A new era of American political violence is upon us. How did we get here? How does it end?
Opinion by Kevin Rector • 3h
Two assassination attempts on President Trump. The assassination of a Minnesota state lawmaker and her husband and the wounding of others. The assassination of a top healthcare executive. The killing of two Israeli embassy employees in Washington. The storming of the U.S. Capitol by a violent mob intent on forcing the nation's political leaders to their will.
And, on Wednesday, the fatal shooting of one of the nation's most prominent conservative political activists — close Trump ally Charlie Kirk — as he spoke at a public event on a university campus.
If it wasn't already clear from all those other incidents, Kirk's killing put it in sharp relief: The U.S. is in a new era of political violence, one that is starker and more visceral than any other in decades — perhaps, experts said, since the fraught days of 1968, when two of the most prominent figures in the civil rights movement, the Rev.
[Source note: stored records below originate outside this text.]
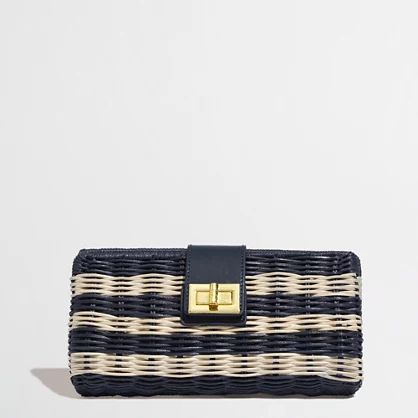 Factory stripe rattan clutch | J.Crew US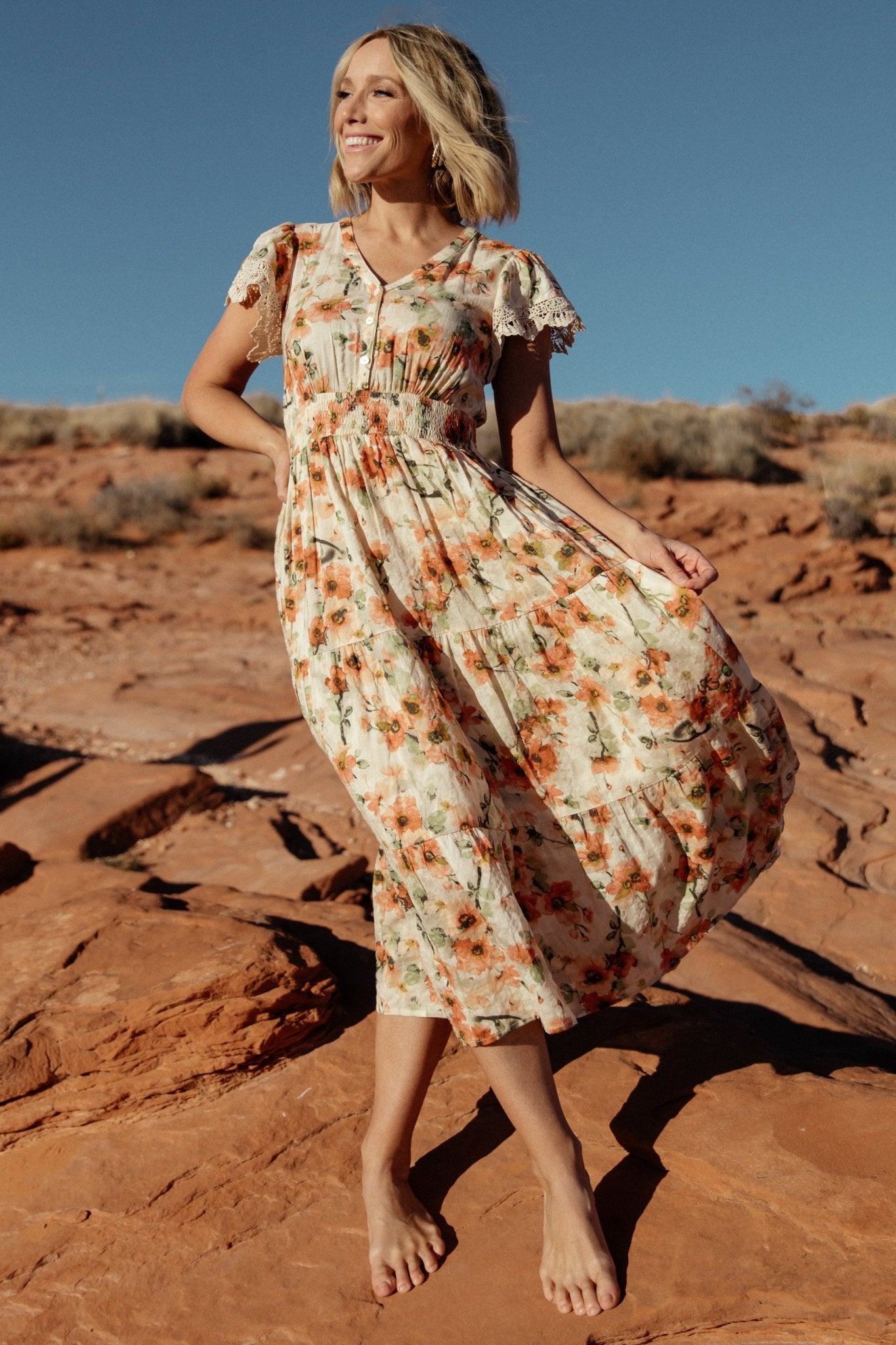 Floral Midi Dress with V-Neck & Lace Sleeves | Baltic Born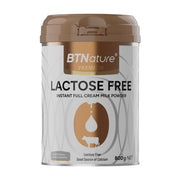 BTNature 零乳糖全脂成人奶粉 800g 罐装正面图，白色罐身配棕色盖子，印有 LACTOSE FREE 字样。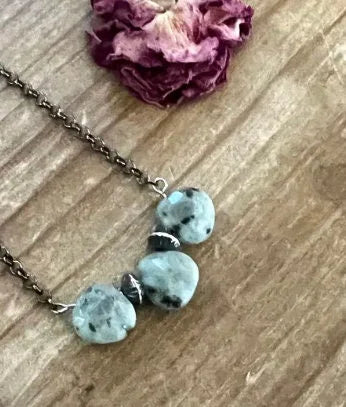 Kiwi jasper & navajo saucer choker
Martin Luther King Jr. and Robert F. Kennedy, were both assassinated in a matter of months.
"We're very clearly in a moment where the temperature of our political discourse is extremely high," said Ruth Braunstein, an associate professor of sociology at Johns Hopkins University who has studied religion and the far right in modern politics. "Part of what we see when that happens are these outbursts of political violence — where people come to believe that violence is the only solution."